2
votes

Can someone please suggest how I can set this up. Here is the scenerio.

I am developing an angular app with an Azure Mobile Services back end.

In angular I have resources that point to the Mobile Service API path. I have a config factory that returns the base service path. I want the dev/staging slot to point to the -dev api and the production slot to point to the production API path.

I can create two config factories, but I'm not sure how to tell it to use the dev one in the staging slot and the production one in the production slot. For a .net app with server code I would use the config stuff, or maybe environmental variables, but this is all client side code.

I thought to just have two web sites, once deployed from a dev branch and one deployed from the master and have a different config... but once I merge dev to master then the config change merges too.

I'm not sure if it matters, but I am deploying from Visual Studio Online as part of the build.

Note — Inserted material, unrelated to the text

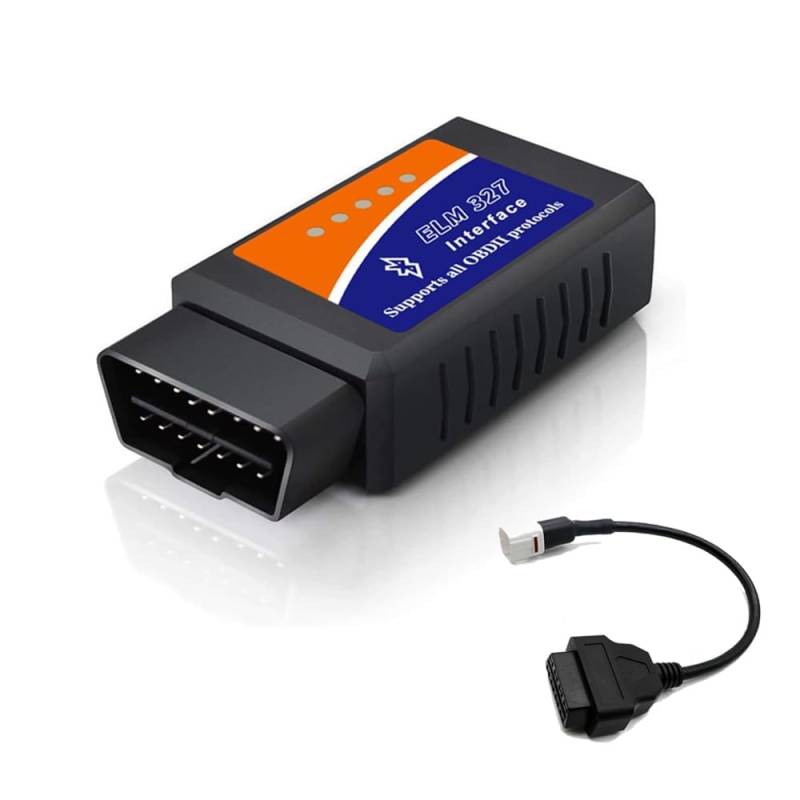 OBD2 Bluetooth Adapter (V1.5) + 4-Pin OBD2 Diagnosekabel – Komplettes Diagnose-Set für Autos und Motorräder von Comforty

How can I accomplish this?

4

4 Answers

1
votes

If you can key off the client hostname of the production versus the development servers ( or not the production server), then you can inject an $http interceptor to rewrite request URLs. In my app.js, I have something like:

var DEV_SRVR = 'http://my-machine.example.com:8000';
var PRODUCTION_FRONT_END_CLIENT_SUFFIX = 'DEPLOYMENT';
app.factory('REST_Interceptor',[

  function() {
    var request = function(config) {
      if (RegExp(PRODUCTION_FRONT_END_CLIENT_SUFFIX,'i').test(window.location.host)) {
        return config;
      }
      var rest_request_regex = new RegExp('^.*?/rest/(.*)$');
      config.url = config.url.replace(rest_request_regex, DEV_SRVR+'/$1');

      return config;
    }

    return {
      request: request
    }
  }])

app.config([
          '$httpProvider',
  function($httpProvider) {
    $httpProvider.interceptors.push('REST_Interceptor');
}])

Thus, requests from AngularJS like:

$http.get('/rest/foo/')

Go to http://my-machine.example.com:8000/foo/ if the client is not the production client interface, otherwise it goes to /rest/foo/ of the production host.

2
votes

I was able to solve this very same problem. I have development, testing and production environments and they each need to connect to different API end points. I was able to accomplish this using a grunt plugin called grunt-ng-constant

Basically once you install the plugin, modify your Gruntfile and inside the grunt.initConfig add something like this:

ngconstant: {
  // Options for all targets
  options: {
    space: '  ',
    wrap: '"use strict";\n\n {%= __ngModule %}',
    name: 'config',
  },
  // Environment targets
  development: {
    options: {
      dest: '<%= yeoman.app %>/scripts/config.js'
    },
    constants: {
      ENV: {
        name: 'development',
        apiEndpoint: 'http://your-development.api.endpoint:3000'
      }
    }
  },
  production: {
    options: {
      dest: '<%= yeoman.dist %>/scripts/config.js'
    },
    constants: {
      ENV: {
        name: 'production',
        apiEndpoint: 'http://api.livesite.com'
      }
    }
  }
},

Register the Grunt task like so:

grunt.registerTask('serve', function (target) {
  if (target === 'dist') {
  return grunt.task.run(['build', 'connect:dist:keepalive']);
}

grunt.task.run([
  'clean:server',
  'ngconstant:development', // ADD THIS
  'bower-install',
  'concurrent:server',
  'autoprefixer',
  'connect:livereload',
  'watch'
]);

});

Now every time you run grunt serve it will generate a config.js file that holds your development constants. You can configure different tasks such as grunt testing or grunt production to generate the testing or production constants instead.

Finally you add the config.js to your index.html like so:

<script src="/scripts/config.js" />

And register the config module in your app:

var app = angular.module('myApp', [ 'config' ]);

In your controller you can get your "environment" variables like this:

angular.module('myApp')
  .controller('MainCtrl', function ($scope, $http, ENV) { // ENV is injected

     $scope.login = function() {

     $http.post(
        ENV.apiEndPoint, // Our environmental var :)
        $scope.yourData
     ).success(function() {
        console.log('Cows');
     });

   };

 });

With this approach you can easily automate the entire deployment pipeline. You can have a CI server push your changes to the appropriate servers and build the correct version of your app.

Here's a very helpful resource for you to read and from which I took the code samples: http://mindthecode.com/how-to-use-environment-variables-in-your-angular-application

Hope this helps you!

0
votes

You might be interested in looking how David Ebbo and I setup this scenario. In David's talk at Build he discusses how to configure two websites to communication with each other. The source code for his talk is available on GitHub called ToDoApp. If you prefer to read over watch, there was also an article written about David's talk which is available in the Azure Documentation called Deploy a Complex Application predictably in Azure

-1
votes

You can set App Settings for you site and slot from the Azure Portal, and set separate settings for the dev and production slots.